Becoming closer to who we are


Tuul gundlas cyaal xaada The Rainbow Creek Dancers converged at Juneau, Alaska for four days of singing and dancing at Celebration, a cultural festival. Between the various groups arriving from Haida Gwaii and Vancouver they hauled heavy cases of masks, blankets, and drums.

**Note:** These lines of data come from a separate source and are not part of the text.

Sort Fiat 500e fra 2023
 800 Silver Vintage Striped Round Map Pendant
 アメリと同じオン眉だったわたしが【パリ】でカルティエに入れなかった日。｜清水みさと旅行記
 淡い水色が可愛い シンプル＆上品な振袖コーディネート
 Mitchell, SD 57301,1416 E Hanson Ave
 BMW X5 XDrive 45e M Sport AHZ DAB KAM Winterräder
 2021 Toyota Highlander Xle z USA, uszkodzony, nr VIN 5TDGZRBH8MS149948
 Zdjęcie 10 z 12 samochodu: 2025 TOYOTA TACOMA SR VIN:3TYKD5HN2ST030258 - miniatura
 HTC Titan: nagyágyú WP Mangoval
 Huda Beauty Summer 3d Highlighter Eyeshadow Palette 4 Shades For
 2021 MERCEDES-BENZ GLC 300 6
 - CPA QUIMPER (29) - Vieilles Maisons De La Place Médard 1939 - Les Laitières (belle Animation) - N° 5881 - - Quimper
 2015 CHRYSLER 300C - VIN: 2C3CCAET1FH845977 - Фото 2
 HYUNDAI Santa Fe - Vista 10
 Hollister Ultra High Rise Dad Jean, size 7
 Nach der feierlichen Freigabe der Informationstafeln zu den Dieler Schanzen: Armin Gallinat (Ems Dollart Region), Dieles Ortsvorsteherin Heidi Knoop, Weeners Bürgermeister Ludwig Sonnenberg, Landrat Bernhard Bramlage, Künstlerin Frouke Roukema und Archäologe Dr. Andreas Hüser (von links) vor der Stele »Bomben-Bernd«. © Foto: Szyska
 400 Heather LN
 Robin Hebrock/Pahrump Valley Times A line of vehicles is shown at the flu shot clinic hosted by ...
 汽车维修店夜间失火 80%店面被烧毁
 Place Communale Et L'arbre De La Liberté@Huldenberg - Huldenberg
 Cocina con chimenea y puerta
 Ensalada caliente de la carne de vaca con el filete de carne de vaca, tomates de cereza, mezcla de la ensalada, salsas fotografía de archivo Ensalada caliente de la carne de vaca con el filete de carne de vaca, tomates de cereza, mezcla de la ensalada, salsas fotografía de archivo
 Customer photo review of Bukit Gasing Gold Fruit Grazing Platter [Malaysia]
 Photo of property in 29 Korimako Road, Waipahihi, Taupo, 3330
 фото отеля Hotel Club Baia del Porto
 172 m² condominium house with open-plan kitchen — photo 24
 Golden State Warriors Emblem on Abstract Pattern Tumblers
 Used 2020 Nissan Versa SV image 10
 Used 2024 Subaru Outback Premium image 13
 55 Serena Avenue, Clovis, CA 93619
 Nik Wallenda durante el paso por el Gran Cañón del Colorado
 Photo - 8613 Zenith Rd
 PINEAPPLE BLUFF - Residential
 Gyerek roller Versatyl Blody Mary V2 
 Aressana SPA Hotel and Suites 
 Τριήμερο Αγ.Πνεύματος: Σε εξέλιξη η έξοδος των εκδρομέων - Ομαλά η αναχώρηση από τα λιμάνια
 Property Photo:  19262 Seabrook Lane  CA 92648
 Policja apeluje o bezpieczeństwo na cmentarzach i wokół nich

The troupe joined thousands of dancers and the many nations of the coast parading through the streets and across the large stage at Centennial Hall for the grand entrance on June 8. The group would later present their songs and dances at Cena Peratrovich Hall, Centennial Hall, and join the departure parade and grand exit on June 11. As they entered the festival they whirled proudly across the stage while a huge crowd sang a song by Gyibaawm Laxha David Robert Boxley, saying:

GammoomGism Smile

Gałgwisgüüsm Be happy

Siip’nta Sm’ooygit txa’niis ‘nüüsm God loves you all

Siip’nta Sm’ooygit txa’niis ‘nüüsm God loves you all

Altogether the group involved nine core members including Guud sans glans Robert Davidson), Lalaxaaygans Terri-Lynn Williams-Davidson, Sgang Gwaay Dolly Garza, Nang Jingwas Russ Jones, Xay Kuyaas Ariane Medley, Yaahl Aadaa Cori Savard, Jaadsangkinghliias Desiree Wilson), Kristy Alsop, Jing Robert Long), Kwiigaay Hazel Alsop, and Shawn Edenshaw.

Over the course of their four appearances they danced Red cedar and cast plaster masks of three sgaada.nga Oyster catchers, two k’yaan k’uust’an tree crab or frog, and one k’aaxada dogfish. They also presented new weather resistant robes made from a lightweight and bright polyester material of ts’aag eagle, k’yaan k’uust’an frog, k’aaxada dogfish, xuuya raven, and sGaana ts’il sding two finned Killer whale designs.

At the performance on the big stage the crowd gasped when Jing appeared bearing a heavy and enormous Red cedar taay.yii coho while the group sang Haawa Tsiin, a song Guud sans glans composed to welcome the chiina salmon back to Haida Gwaii. Jing’s work wasn’t done there as two small ts’aag ushered the Eagle Transformation mask onto the main stage. The mask operates with elaborate rigging and looks light in the hands of a skilled dancer. The large crowd watched and listened until, suddenly, the eagle’s first face split and came apart, revealing a smaller eagle within.

“It’s really about us becoming ourselves,” Gud sans glans explained. “Every time we come to Celebration we transform into someone who is closer to the person we are supposed to be. Through our song and through our dance.”